__EXERCISE BRIEF__: Retype every line of the data, keeping each word exactly.

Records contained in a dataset
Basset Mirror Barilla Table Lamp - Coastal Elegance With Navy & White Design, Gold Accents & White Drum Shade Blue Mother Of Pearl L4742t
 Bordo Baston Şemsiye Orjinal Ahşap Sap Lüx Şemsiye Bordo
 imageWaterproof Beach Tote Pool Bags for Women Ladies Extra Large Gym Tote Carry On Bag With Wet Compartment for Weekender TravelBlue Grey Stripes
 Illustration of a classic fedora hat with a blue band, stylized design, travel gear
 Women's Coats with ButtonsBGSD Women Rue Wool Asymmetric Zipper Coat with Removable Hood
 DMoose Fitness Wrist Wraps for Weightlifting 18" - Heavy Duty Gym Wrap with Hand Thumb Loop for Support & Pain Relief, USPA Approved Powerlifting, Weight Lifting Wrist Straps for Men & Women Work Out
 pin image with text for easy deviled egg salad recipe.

__EXPECTED ANSWER__:
Basset Mirror Barilla Table Lamp - Coastal Elegance With Navy & White Design, Gold Accents & White Drum Shade Blue Mother Of Pearl L4742t
 Bordo Baston Şemsiye Orjinal Ahşap Sap Lüx Şemsiye Bordo
 imageWaterproof Beach Tote Pool Bags for Women Ladies Extra Large Gym Tote Carry On Bag With Wet Compartment for Weekender TravelBlue Grey Stripes
 Illustration of a classic fedora hat with a blue band, stylized design, travel gear
 Women's Coats with ButtonsBGSD Women Rue Wool Asymmetric Zipper Coat with Removable Hood
 DMoose Fitness Wrist Wraps for Weightlifting 18" - Heavy Duty Gym Wrap with Hand Thumb Loop for Support & Pain Relief, USPA Approved Powerlifting, Weight Lifting Wrist Straps for Men & Women Work Out
 pin image with text for easy deviled egg salad recipe.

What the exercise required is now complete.